JSON is a must-have skill for IT professionals, since it is probably the most used document format when dealing with AJAX and with REST web-services: since both of them are broadly used on the web, it is very likely that sooner or later you'll ever have to deal with it.
Being skilled on JSON does not only mean being able to write JSON documents, but also knowing how to exploit tools such as jq to extract values or even a subset from a JSON document.
Having these skills makes your life easier not only if you are a developer, but also if you are involved in the system integration field.
This post is an overview about all you must know about JSON and how to work with it using jq.

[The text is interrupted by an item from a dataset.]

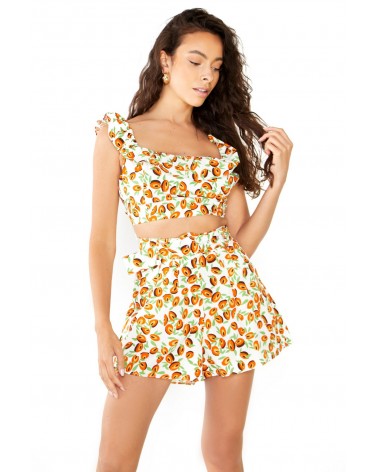 GLAMOROUS SHORTS CK6623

By the way, this post is part of a trilogy of posts dedicated to markup and serialization formats, so be sure not to miss
What is JSON
JavaScript Object Notation is an easy-to-parse and lightweight language independent data-interchange format for the serialization and exchange of structured data.

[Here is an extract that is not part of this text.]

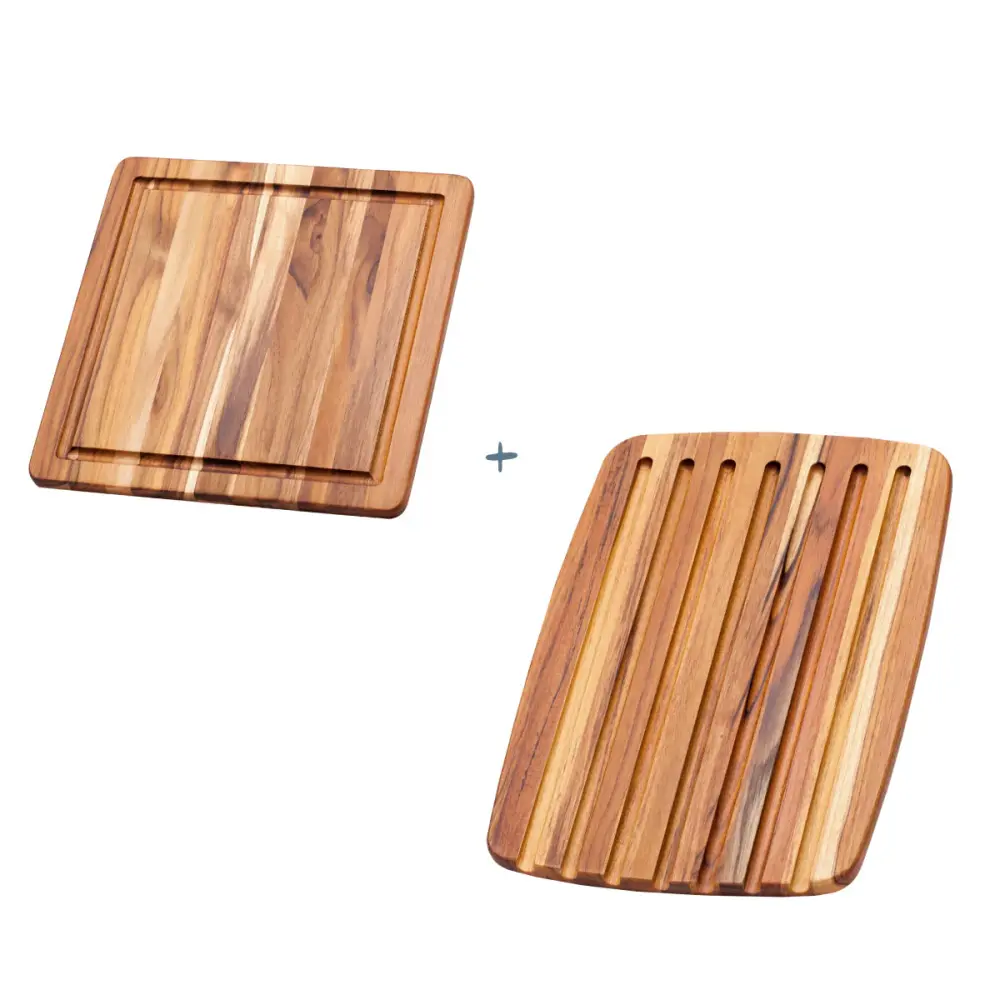 All Essential Breakfast Set: Slice, Carve, Serve 409 407 9003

Its syntax is a subset of the Standard ECMA-404 and defines a small set of formatting rules for the portable representation of structured data. The official JSON website is https://www.json.org.
JSON files consist of a collection of name/value pairs separated using commas: values can be either number, strings, lists or other nested collections. These kinds of collections can be easily mapped to data structures used by the very most of the programming languages.
Therefore, JSON can be easily integrated with any language.
In order to ease learning the JSON syntax, I introduce it step by step, with an hands-on approach that relies on the jq command line utility.
Using VIM with JSON
Of course we have to see how to use jq, but if you are ancient like me, you certainly cannot do without the old fashioned vi and so ... install indentLine plugin:
for our convenience we can install it using vim-plug: let's download vim-plug plugin manager as follows:
curl -fLo ~/.vim/autoload/plug.vim --create-dirs https://raw.githubusercontent.com/junegunn/vim-plug/master/plug.vim
now let's modify our "~/.vimrc" file adding the following snippet:
call plug#begin()
Plug 'https://github.com/Yggdroot/indentLine'
call plug#end()
then let's launch vim as usual:
vim
while in command mode, type the command to install the plugin we listed into "~/.vimrc":
:PlugInstall
if everything went smoothly we can verify the status of the plugins as follows:
:PlugStatus
now simply add the following snippet to your "~/.vimrc" file:
au! BufNewFile,BufReadPost *.{json} set filetype=json
autocmd FileType json setlocal ft=javascript ts=2 sts=2 sw=2 expandtab
let g:indentLine_char = '|'
let g:indentLine_color_term = 239
here we defined the "json" file type and bound the ".json" files to it. Then we configured some help with indentation.
This is the outcome when editing a JSON file:
it's much more readable and usable, isn't it?
JQ - An Overview
It is a really handy command line tool to manage JSON objects in shell scripts. We can easily install it as follows:
sudo dnf -y install jq
Its most basic usage is simply parsing and pretty-printing a JSON object. For example:
echo '{"version": 1, "kind": "myobject" }' | jq
pretty-prints the output as follows:
{
"version": 1,
"kind": "myobject"
}
as you see, jq output is colored and properly indented: this makes it much more human readable.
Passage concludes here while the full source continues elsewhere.